Transmission of U.S. Tariff Shocks and Macroeconomic Adjustments in the U.K. Economy
Abstract
This paper examines the transmission of tariff-induced price shocks from the United States to the United Kingdom, focusing on sectoral cost pass-through, inflationary dynamics, and macroeconomic adjustment. Employing a difference-in-differences specification and local-projection impulse-response analysis, the study quantifies the extent to which tariffs on metal-intensive imports affected U.K. producer prices, consumer inflation, and real output. Empirical findings show that a 10 percent increase in tariff exposure raises producer prices by approximately 4.5 per cent, while a temporary Tariff Rate Quota (TRQ) arrangement between 2022 and 2024 alleviated cost pressures.
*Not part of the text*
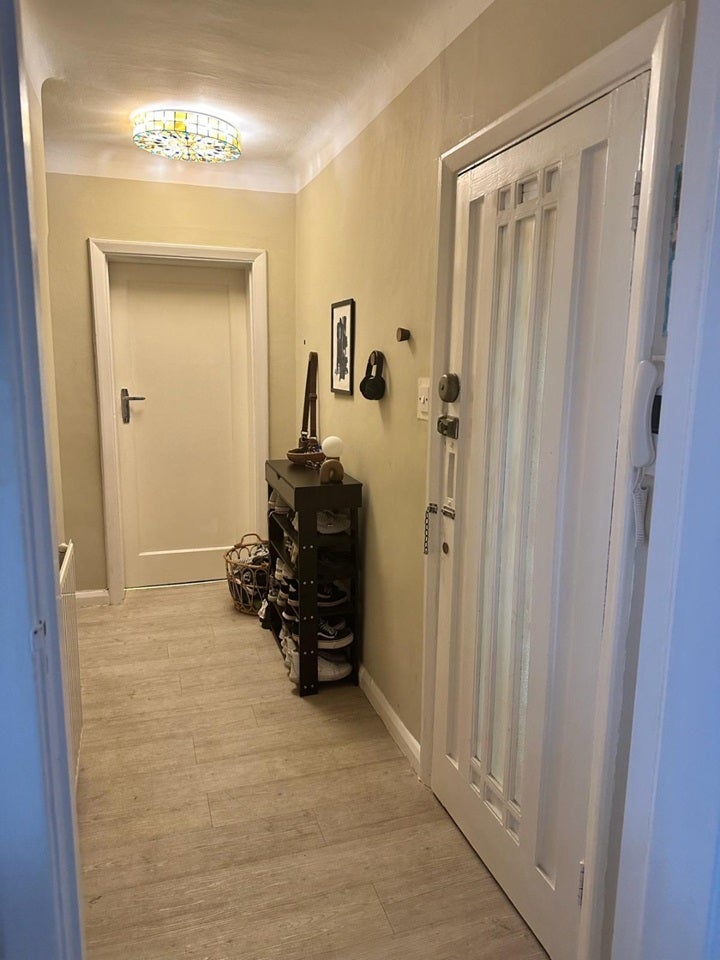 Flat Church Passage in Greater London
The dynamic responses reveal a short-run contraction in real GDP growth of about 0.3 percentage points, peaking after four to six quarters and dissipating within two years. These findings confirm that tariff shocks transmit primarily through supply-cost and exchange-rate channels rather than demand-side mechanisms. Robustness checks using alternative model specifications, placebo timings, and clustered-error adjustments confirm the stability of the results. The study contributes to current debates on trade protection and imported inflation (Amiti, Redding, & Weinstein, 2019; IMF, 2023; OECD, 2024), offering insights into the resilience of open economies under renewed protectionist pressures.